_Items from a dataset_
Start of Block
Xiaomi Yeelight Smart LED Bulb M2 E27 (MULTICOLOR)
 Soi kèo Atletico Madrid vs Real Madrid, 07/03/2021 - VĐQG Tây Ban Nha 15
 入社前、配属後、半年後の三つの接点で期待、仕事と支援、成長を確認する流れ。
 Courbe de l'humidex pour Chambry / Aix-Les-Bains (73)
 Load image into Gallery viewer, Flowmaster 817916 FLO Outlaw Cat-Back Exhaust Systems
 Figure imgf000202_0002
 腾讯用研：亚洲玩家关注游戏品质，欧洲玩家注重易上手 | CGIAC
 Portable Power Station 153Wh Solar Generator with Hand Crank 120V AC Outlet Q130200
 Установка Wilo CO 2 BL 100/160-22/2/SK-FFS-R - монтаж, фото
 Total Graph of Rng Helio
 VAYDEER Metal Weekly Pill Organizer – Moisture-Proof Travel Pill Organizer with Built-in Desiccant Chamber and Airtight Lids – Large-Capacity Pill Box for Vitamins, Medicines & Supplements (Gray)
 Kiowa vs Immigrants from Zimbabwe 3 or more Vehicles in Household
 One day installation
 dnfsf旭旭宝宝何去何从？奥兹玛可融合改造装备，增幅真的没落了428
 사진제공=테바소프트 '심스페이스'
End of Block
_Exercise_
Find the word "with" in the records, and report each line that has it.

_Output of the task_
 Portable Power Station 153Wh Solar Generator with Hand Crank 120V AC Outlet Q130200
 VAYDEER Metal Weekly Pill Organizer – Moisture-Proof Travel Pill Organizer with Built-in Desiccant Chamber and Airtight Lids – Large-Capacity Pill Box for Vitamins, Medicines & Supplements (Gray)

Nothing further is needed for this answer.